Studio album by the Miracles
- Released: 1964
- Recorded: 1963–1964
- Studio: Hitsville U.S.A., Detroit
- Genre: Soul
- Label: Tamla
- Producer: Smokey Robinson, Brian Holland, Lamont Dozier

The Miracles chronology
| The Miracles Doin' Mickey's Monkey (1963) | I Like It Like That (1964) | Going to a Go-Go (1965) |

Singles from I Like It Like That
- "I Like It Like That" Released: June 3, 1964; "That's What Love Is Made Of" Released: August 28, 1964;

= I Like It Like That (The Miracles album) =

I Like It Like That is a compilation album by the American R&B group the Miracles. It was compiled for the UK market and released on the UK Tamla-Motown label in March 1965. There was no equivalent album to this in the USA.
This album featured previously issued material from the group's albums and singles from the year before, The Miracles Doin' Mickey's Monkey. Songs included "I Like It Like That" (the Top 30 song, not the better-known Chris Kenner song of the same name), the Bobby Rogers-led flip side "You're So Fine and Sweet", "That's What Love Is Made Of" (another 1964 hit that the group performed on the American International Pictures release, the T.A.M.I. Show that year), and "Would I Love You", a song that became a popular regional hit tune for the group in Pennsylvania and The Midwest. The album also featured a Claudette Robinson-led cover version of the Orlons' number 2 Pop smash, "The Wah-Watusi" and the group's 1963 Top 40 Hit, "I Gotta Dance to Keep From Crying". Several of the group's other 1964 songs, including the chart hits "(You Can't Let the Boy Overpower) The Man in You", "Come On Do the Jerk", and its B-side, "Baby Don't You Go", were not included.

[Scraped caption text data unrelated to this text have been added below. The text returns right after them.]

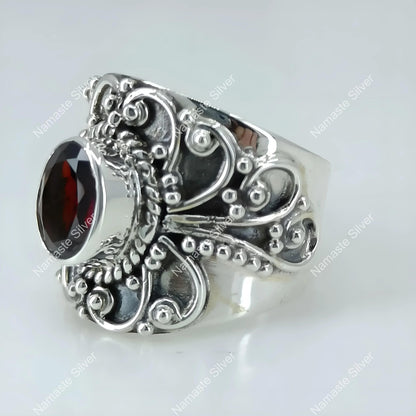 Garnet Ring, 925 Sterling Silver Statement Promise Ring, Handmade Natural Garnet Oval Gemstone Jewelry, January Birthstone,  Ring For Her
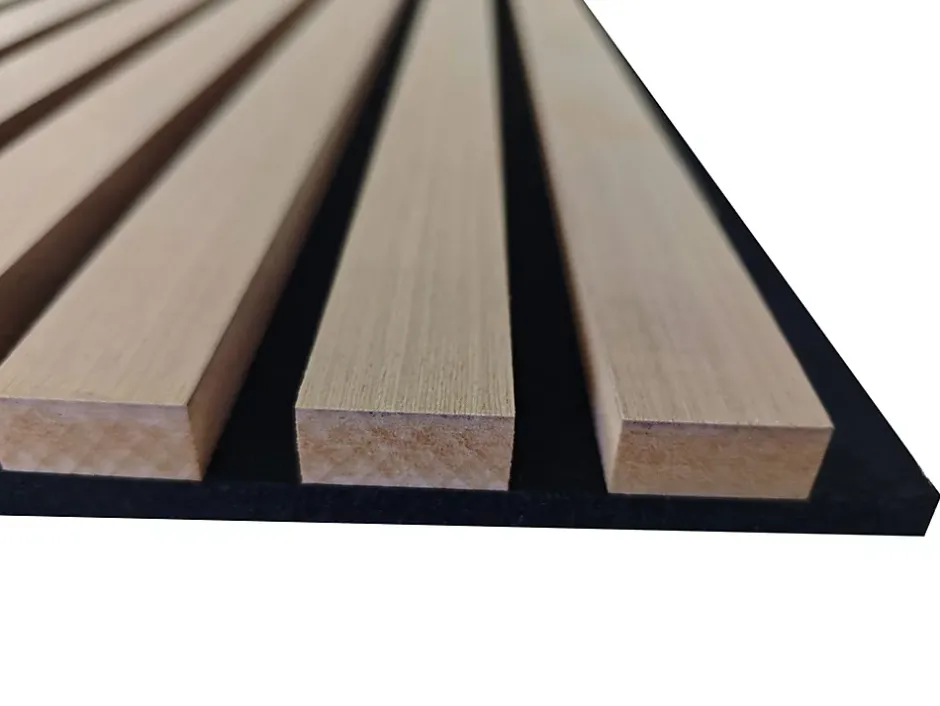 AICA Sanitaire Lot de 3 Panneaux Muraux Décoratifs Acoustiques Bois MDF 260x30cm Chêne clair AntiBruit, Facile à Poser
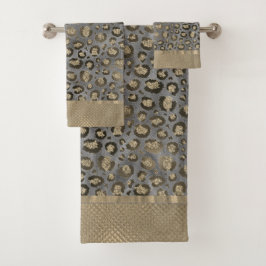 Glittery Gold Leopard Print on Glossy Grau Badhandtuch Set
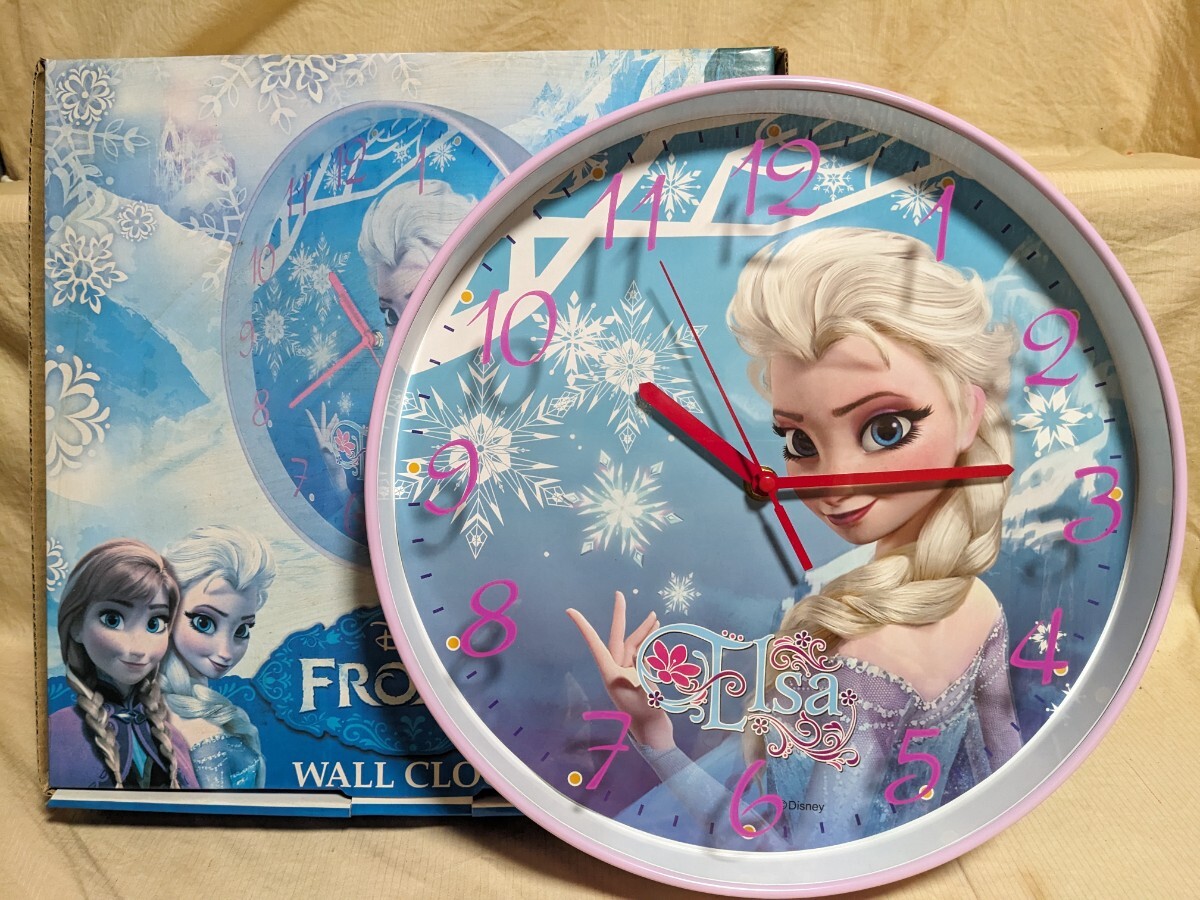アナと雪の女王・グラスプリントウォールクロック【FROZEN/Elsa】拍卖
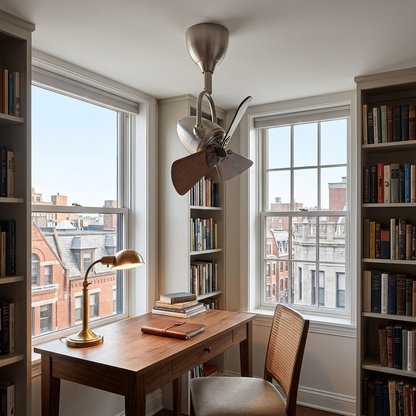 Cyrene walnut articulated ceiling fan above a desk in an apartment home office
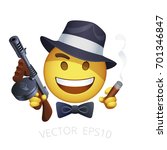 Vector retro American gangster smiley with a Thompson machine gun and a smoking cigar. Yellow emoji of criminal character with a black hat, bow tie and tommy gun. Mafia emoticon on a white background.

The 1964 recordings "I Like It Like That", "Would I Love You" and "That's What Love Is Made Of" were also included on the Miracles' 1965 album release, The Miracles Greatest Hits From The Beginning, which was the first double album released by Motown Records.

==Track listing==
===Side one===

All lead vocals by Smokey Robinson, except where noted.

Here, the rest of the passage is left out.